*** Block opens ***

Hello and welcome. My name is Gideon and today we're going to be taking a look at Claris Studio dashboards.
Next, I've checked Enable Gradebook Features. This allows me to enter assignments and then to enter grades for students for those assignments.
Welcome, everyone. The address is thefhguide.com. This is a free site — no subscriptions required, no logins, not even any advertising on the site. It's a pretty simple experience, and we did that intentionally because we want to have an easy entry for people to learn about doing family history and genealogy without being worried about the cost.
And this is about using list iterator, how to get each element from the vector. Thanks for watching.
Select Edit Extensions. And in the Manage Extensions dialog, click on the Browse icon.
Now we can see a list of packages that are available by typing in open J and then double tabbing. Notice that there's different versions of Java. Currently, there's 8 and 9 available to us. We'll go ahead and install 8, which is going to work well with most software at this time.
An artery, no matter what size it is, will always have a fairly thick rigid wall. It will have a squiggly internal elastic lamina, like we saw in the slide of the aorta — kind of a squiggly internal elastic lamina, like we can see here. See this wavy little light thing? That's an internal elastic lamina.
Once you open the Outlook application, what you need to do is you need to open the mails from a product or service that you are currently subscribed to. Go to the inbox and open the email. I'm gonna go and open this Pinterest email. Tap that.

*** Block closes ***
*** Block opens ***

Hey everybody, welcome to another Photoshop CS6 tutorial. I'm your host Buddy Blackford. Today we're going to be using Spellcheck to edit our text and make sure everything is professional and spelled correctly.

*** Block closes ***
*** Block opens ***

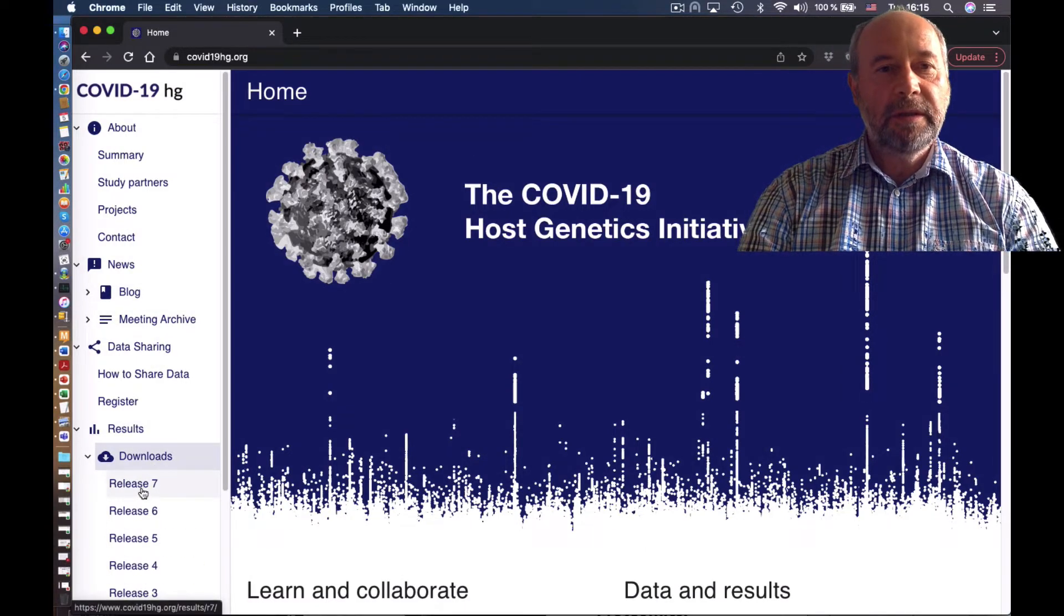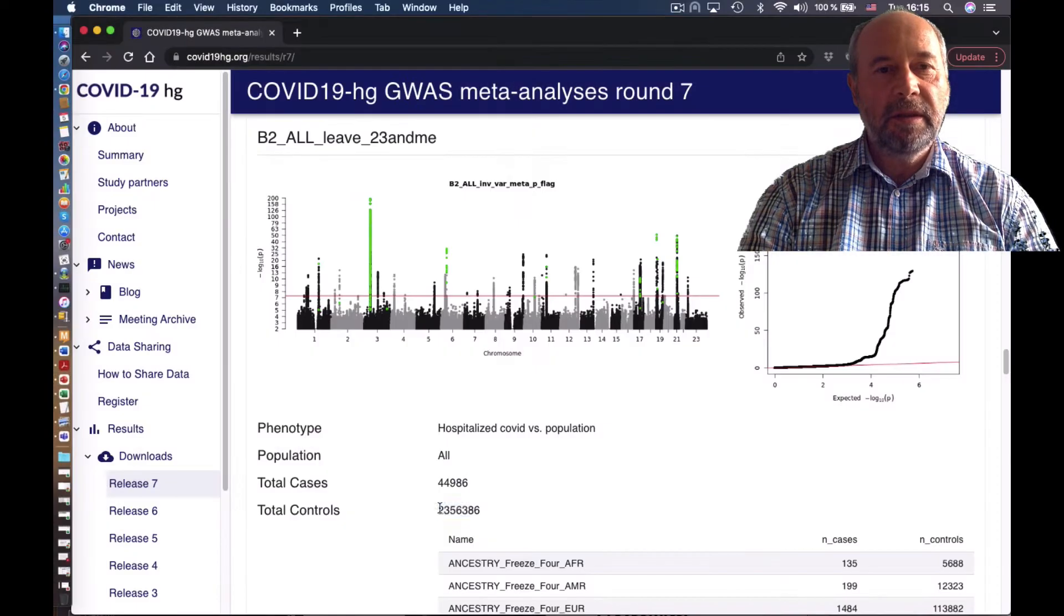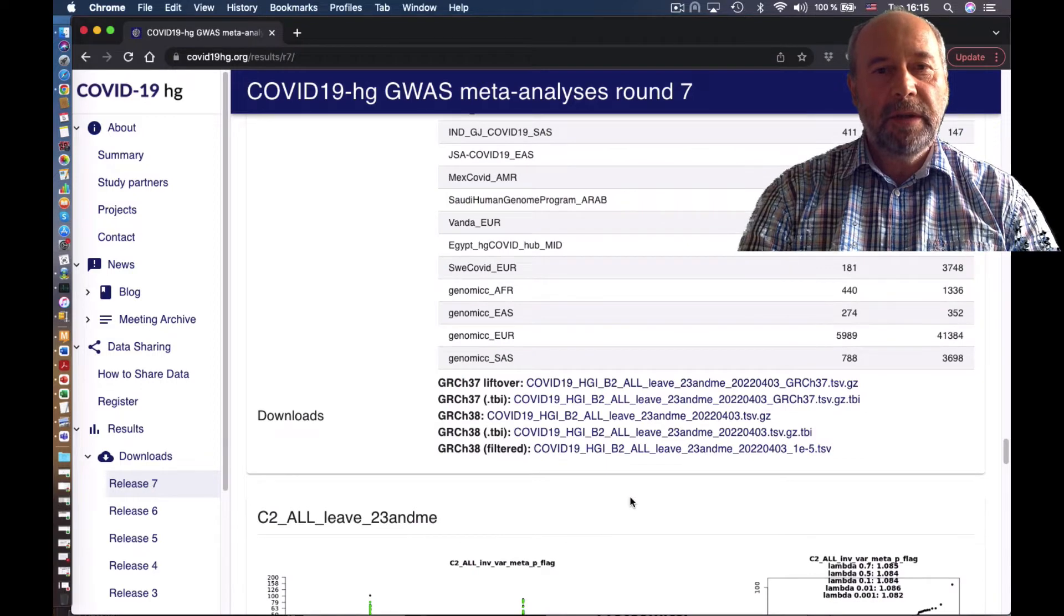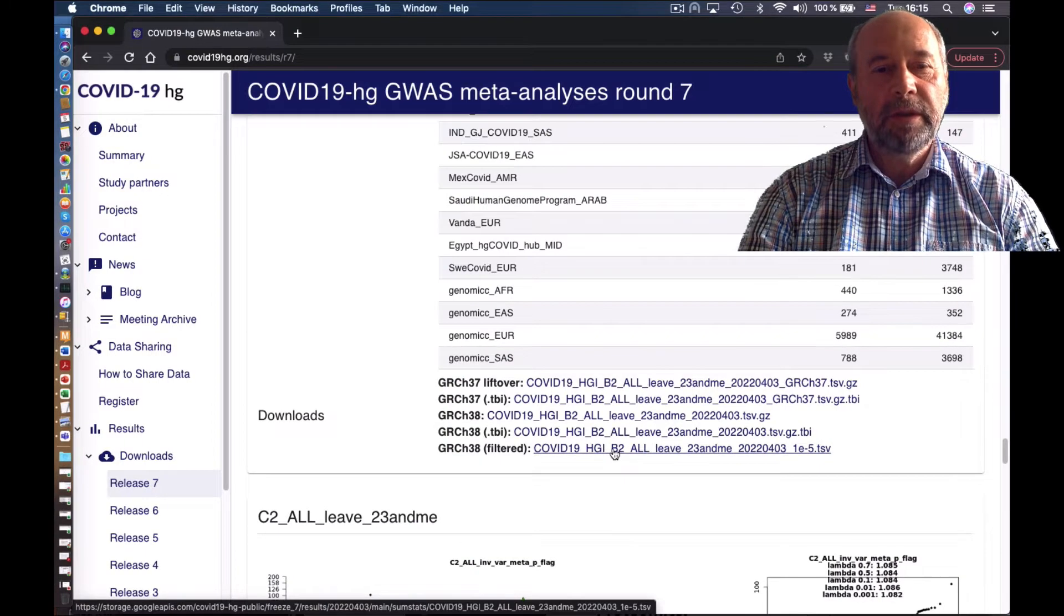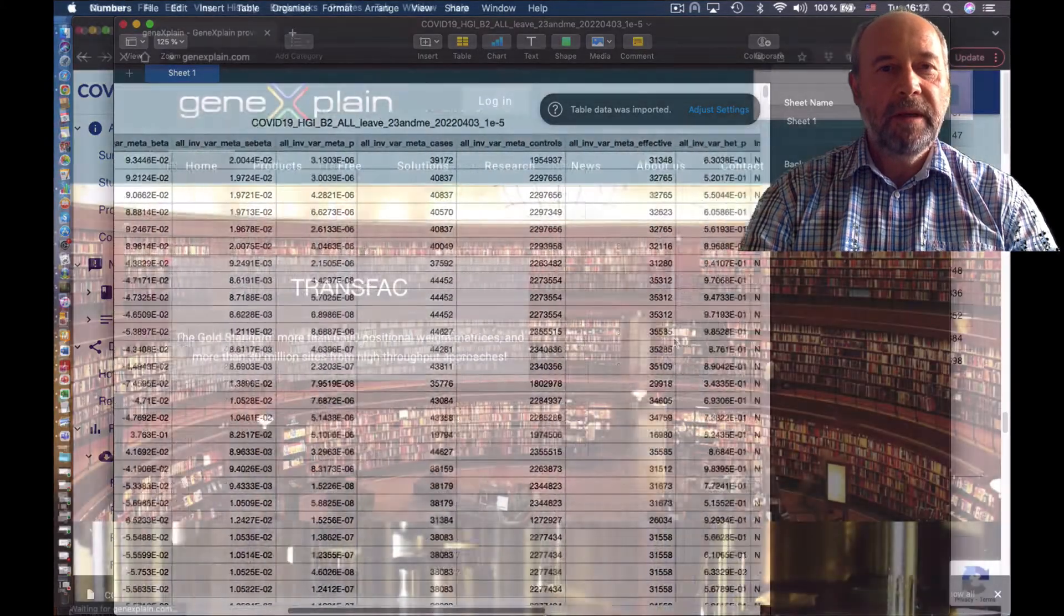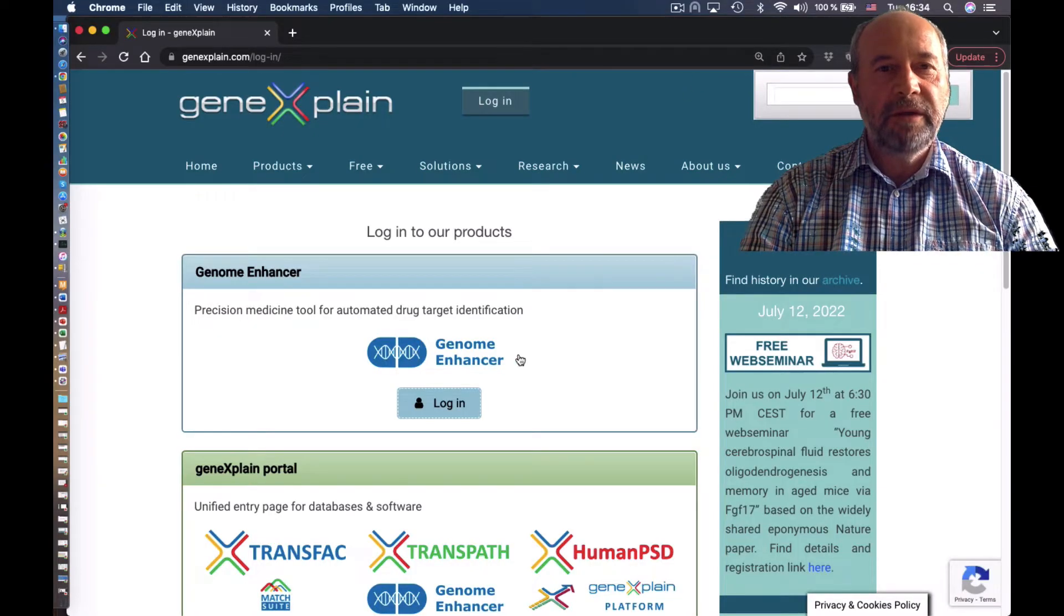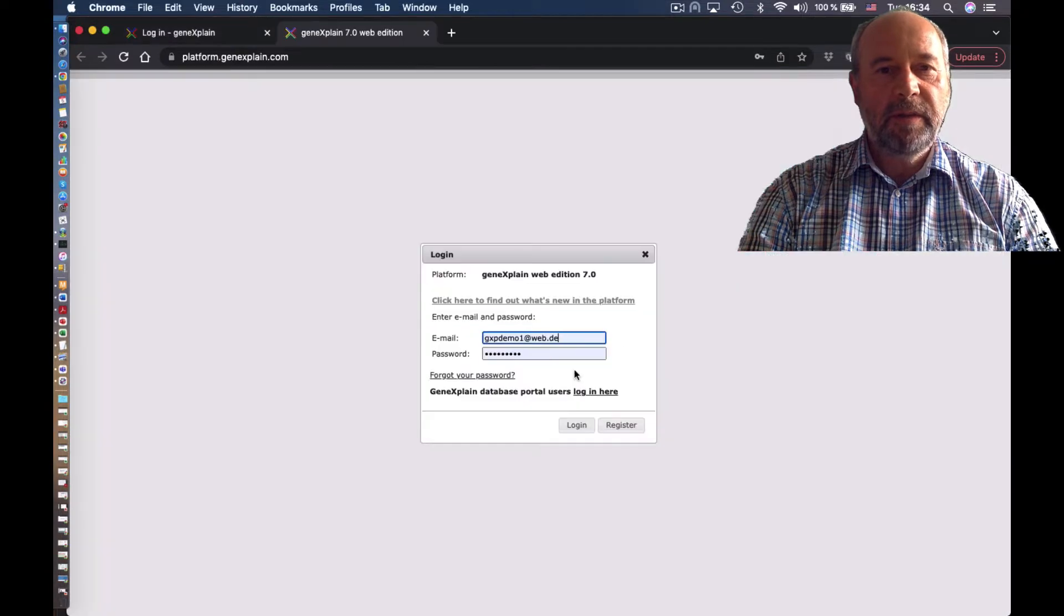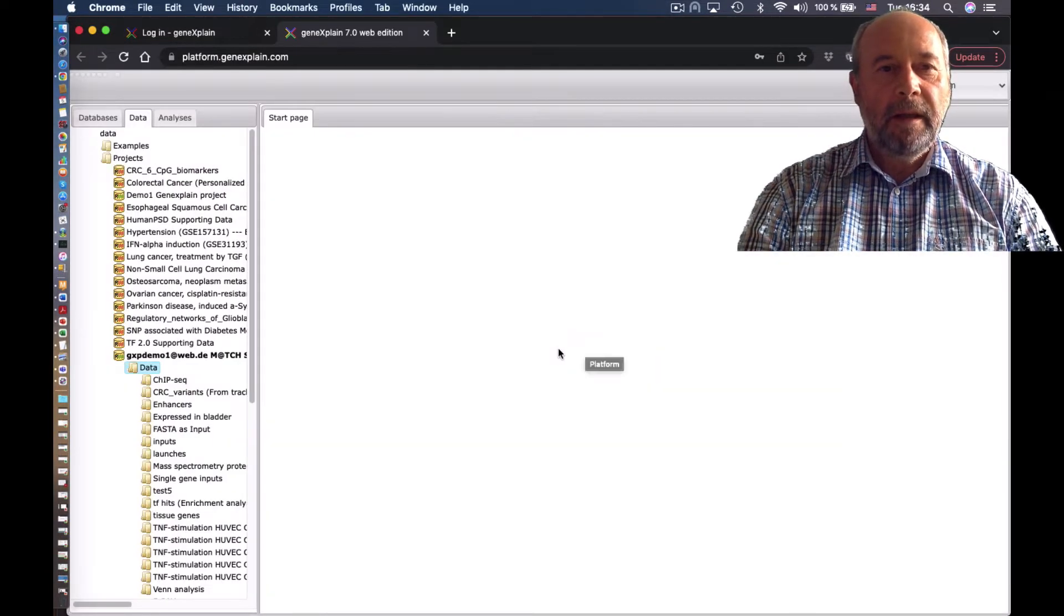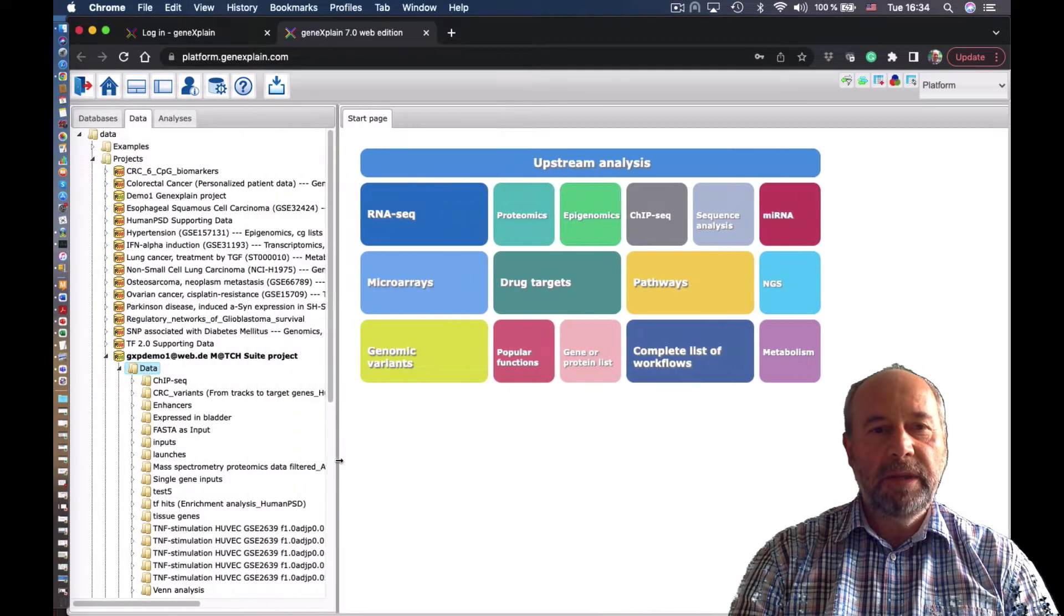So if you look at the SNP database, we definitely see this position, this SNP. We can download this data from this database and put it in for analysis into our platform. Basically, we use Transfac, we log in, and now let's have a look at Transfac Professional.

*** Block closes ***

For the material above, the answer must be only the number of lines holding the word "about".

2